In the material below, transcribe every line from the first through the line holding "Poteau de trottoir", exactly, and stop after that line.

++++++++

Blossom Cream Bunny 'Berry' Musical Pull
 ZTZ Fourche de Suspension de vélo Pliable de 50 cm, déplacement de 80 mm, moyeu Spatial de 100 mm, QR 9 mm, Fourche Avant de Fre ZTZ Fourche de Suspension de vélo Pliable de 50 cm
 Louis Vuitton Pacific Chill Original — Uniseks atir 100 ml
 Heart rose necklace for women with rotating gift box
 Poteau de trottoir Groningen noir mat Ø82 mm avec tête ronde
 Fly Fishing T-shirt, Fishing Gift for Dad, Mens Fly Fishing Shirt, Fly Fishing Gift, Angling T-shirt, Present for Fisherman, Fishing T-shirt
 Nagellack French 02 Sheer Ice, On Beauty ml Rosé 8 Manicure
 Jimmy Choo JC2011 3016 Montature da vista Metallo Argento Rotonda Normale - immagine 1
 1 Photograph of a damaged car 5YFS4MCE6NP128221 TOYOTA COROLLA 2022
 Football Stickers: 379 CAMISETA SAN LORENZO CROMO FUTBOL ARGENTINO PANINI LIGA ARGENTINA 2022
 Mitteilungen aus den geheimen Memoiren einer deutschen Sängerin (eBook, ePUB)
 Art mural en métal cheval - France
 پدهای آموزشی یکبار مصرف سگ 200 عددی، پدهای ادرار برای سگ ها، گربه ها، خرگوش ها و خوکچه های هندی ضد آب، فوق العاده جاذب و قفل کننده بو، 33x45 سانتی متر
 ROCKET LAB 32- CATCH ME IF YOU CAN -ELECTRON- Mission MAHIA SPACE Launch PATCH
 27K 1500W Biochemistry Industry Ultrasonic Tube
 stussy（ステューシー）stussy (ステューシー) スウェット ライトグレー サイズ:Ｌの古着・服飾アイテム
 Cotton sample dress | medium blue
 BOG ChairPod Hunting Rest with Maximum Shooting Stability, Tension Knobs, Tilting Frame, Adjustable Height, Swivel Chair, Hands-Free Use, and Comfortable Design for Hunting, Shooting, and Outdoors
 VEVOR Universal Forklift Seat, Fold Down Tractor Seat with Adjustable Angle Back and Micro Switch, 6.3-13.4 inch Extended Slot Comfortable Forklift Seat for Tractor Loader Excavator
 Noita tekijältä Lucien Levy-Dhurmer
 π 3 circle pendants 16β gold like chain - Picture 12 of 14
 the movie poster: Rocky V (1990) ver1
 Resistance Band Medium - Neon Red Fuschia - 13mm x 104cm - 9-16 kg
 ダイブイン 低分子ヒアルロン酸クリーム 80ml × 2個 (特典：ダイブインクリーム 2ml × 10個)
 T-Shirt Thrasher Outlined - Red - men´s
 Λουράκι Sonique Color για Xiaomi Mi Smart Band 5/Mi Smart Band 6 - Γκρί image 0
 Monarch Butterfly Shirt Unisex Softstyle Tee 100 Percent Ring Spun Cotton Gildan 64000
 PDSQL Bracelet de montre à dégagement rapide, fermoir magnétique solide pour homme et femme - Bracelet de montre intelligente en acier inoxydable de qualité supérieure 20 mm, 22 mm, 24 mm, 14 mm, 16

++++++++

Result of this exercise:
Blossom Cream Bunny 'Berry' Musical Pull
 ZTZ Fourche de Suspension de vélo Pliable de 50 cm, déplacement de 80 mm, moyeu Spatial de 100 mm, QR 9 mm, Fourche Avant de Fre ZTZ Fourche de Suspension de vélo Pliable de 50 cm
 Louis Vuitton Pacific Chill Original — Uniseks atir 100 ml
 Heart rose necklace for women with rotating gift box
 Poteau de trottoir Groningen noir mat Ø82 mm avec tête ronde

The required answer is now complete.